Освобождённый Прометей - страница 6

Шрифт
Интервал


Гиппеи — «всадники». Отряд стражи царя Спарты, состоявший из трёхсот тщательно отобранных молодых людей. Несмотря на название, сражались они пешими.

Многоопытный в ратном деле Архидам немало времени уделил допросу немногочисленных уцелевших свидетелей взятия городов Чёрным Али. Внял каждому слову, не отмахнулся и от тех свидетельств, что казались невероятными и которые многие его соратники сочли лепетом трусов. Не раз и не два хватался за меч Фиброн при насмешках своих сограждан и товарищей, состязавшихся в измышлении обидных причин неудач Красного. Архидам же слушал внимательно и сдержанно. Ему ли не знать о доблести Фиброна и Никострата, уже сражавшихся под его началом в «войне чужеземцев» в этих самых местах три года назад.

Он поверил, а поверив, утвердился в мысли, что за стенами не отсидеться. Да и пристало ли такое ему, царю Спарты? Но и просто выйти в поле, самоуверенно, как привыкли спартанцы, он не очень-то рвался. Большинство его воинов были изгнанниками-фокейцами. Спартанцев всего триста. Не самое могучее поколение. Их отцы обратились в пепел на погребальных кострах Левктр и Мантинеи и это несколько сбило спесь с сыновей.

Триста спартанцев. Снова триста, как полтора века назад, готовились возглавить эллинов, встав на пути очередного неудержимого потока варваров. Когда эти речи произносил Никострат, эфоры смеялись над ним.

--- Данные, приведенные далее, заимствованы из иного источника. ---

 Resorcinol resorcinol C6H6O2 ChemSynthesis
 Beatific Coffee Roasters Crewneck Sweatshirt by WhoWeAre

Да что эфоры, потешались даже его сверстники, плечо к плечу с которыми прошли его полное лишений детство и юность. Вместе они спали на голой земле, терпели порку, резали илотов в криптиях, вместе сидели за общим столом, а потом по воле старших увечили друг друга в бесконечных кулачных боях и всё равно оставались товарищами. Сколько говоришь кораблей у этого, как его там, Чёрного Али? Три тысячи? Нет? Три десятка? Великий флот, да. Куда там Ксерксу.

Бесполезны рассказы о страшном оружии, о том, как быстро сбегаются к варвару мноиты. Не просто присоединяются дабы резать ненавистных дорийцев. Кто бы такому удивился? Нет, они отрекаются от отеческих богов, своими руками рушат храмы, берут новые, чудовищно звучащие имена. С конца лета до середины зимы захваченная пришельцами Фаласарна оставалась камешком в сандалии, осколком какого-то чужого мира, что вторгся из ниоткуда в привычную Ойкумену. А потом вдруг будто плотину прорвало и этот загадочный, непонятный, а оттого чужой и страшный мир выплеснулся наружу. Когда Никострат прибыл из Италии и Фиброн рассказал ему, что тут творится, у того глаза на лоб полезли. Он бы не поверил, если бы через три дня сам не увидел под стенами Кидонии чёрные знамёна.